Duolingo is an American educational tech company that has exploded in popularity over the past several years. Founded in 2011, it has become one of the most popular language learning apps in the world, providing both handy learning apps as well as language certification. Due to its user-friendly apps, Duolingo has also become very popular in the homeschooling community.
A concerned parent emailed recently and noted that while her son was using Duolingo, an LGBT storyline was featured, so I dug into the app a bit more. As regular readers of this blog will know, virtually every entertainment platform and large corporation has worked to include LGBT content under pressure from groups like the Human Rights Campaign, and so parents have to use both oversight and discernment in order to ensure that their children are not being exposed to propaganda without their knowledge.
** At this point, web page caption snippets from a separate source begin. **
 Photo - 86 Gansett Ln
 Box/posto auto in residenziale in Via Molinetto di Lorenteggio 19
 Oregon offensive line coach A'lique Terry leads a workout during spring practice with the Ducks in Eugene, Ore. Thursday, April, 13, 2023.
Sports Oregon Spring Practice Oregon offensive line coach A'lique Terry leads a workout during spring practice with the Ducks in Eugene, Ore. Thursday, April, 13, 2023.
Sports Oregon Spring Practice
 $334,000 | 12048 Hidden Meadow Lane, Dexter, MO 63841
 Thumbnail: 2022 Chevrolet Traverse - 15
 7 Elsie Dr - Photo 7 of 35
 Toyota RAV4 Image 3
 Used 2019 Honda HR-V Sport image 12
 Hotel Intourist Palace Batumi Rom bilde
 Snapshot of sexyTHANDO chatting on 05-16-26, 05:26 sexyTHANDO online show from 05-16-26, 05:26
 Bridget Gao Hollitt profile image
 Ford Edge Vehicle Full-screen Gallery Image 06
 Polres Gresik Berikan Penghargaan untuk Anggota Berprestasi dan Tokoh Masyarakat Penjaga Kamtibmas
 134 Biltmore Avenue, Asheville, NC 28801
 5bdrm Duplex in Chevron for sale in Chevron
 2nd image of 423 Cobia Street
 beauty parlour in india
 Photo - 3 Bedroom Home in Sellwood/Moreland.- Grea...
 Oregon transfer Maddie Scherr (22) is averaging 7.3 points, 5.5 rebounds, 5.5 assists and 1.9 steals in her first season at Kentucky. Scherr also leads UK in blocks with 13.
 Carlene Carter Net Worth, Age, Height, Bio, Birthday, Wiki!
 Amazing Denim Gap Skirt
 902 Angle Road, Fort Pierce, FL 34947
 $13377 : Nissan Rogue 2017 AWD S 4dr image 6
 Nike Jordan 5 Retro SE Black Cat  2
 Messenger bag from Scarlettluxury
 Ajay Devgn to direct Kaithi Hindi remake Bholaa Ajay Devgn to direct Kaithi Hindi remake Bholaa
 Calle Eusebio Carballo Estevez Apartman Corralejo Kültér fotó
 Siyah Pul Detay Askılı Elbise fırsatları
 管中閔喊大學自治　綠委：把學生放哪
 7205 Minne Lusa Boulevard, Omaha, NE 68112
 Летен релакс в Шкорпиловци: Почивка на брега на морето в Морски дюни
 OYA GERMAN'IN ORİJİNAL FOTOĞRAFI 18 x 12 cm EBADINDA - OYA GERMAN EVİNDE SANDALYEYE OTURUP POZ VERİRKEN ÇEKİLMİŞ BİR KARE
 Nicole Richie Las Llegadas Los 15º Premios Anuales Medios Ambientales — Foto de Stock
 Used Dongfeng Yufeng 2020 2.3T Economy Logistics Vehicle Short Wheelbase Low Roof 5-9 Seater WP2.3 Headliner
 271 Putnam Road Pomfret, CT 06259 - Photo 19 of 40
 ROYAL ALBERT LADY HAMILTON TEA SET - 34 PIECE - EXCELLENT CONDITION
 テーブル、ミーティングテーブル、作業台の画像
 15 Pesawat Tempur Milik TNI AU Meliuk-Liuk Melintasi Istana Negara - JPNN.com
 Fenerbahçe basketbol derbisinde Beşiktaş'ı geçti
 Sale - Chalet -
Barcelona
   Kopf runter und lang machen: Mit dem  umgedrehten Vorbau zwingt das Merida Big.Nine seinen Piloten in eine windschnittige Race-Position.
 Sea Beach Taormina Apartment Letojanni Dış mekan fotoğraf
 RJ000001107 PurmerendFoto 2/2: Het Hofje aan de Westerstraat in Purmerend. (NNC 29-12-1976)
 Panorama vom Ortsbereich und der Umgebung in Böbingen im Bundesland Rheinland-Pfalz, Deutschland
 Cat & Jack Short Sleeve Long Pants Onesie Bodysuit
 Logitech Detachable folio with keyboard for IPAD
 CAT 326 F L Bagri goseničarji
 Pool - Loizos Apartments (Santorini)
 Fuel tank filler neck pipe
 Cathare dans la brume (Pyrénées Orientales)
It didn’t take long to find that Duolingo is a proud “LGBT ally” and prominently advertises that fact – although many parents might be unaware of it. In June 2021, they published an article on their official blog titled “LGBTQIA+ representation in Duolingo Stories and characters.” According to Duolingo:
We have three established queer characters: Lin, Bea, and Oscar. Lin dates women, Bea dates both men and women, and Oscar’s into men (although he’s as discerning with men as he is with his cheeses and pretty much everything else).
Duolingo’s goal with these characters, according to their website, is “normalizing queerness in Duolingo stories”:
Since the beginning, our Stories have included everyday depictions of LGBTQ life, even before we created Lin, Bea, and Oscar. From ‘The Honeymoon’ to ‘The Song,’ it’s been important for us to show queer people living their lives in an unsensationalized and normal way.
Allowing an LGBTQ character to exist without specifically drawing attention to that identity – this is something we believe should be a best practice in storytelling. In order to normalize something, you simply present it as normal, which means you don’t draw attention to it when depicting it.
That’s why there’s very little focus on these characters’ queerness. They simply happen to not be heterosexual; it doesn’t define them, and there’s not much discussion around their sexual orientation. It’s just a single part of their identity and their story.
That’s also why some parents may have missed it. Five years ago, it might have been a big deal that LGBT characters and storylines were included in a popular learning app. But many companies are moving from representation – pushing the Overton Window – to normalization. Thus, noticing these storylines means you’re part of the problem, since you should believe that there is no difference, morally speaking, between the lifestyle of the bisexual and anyone else.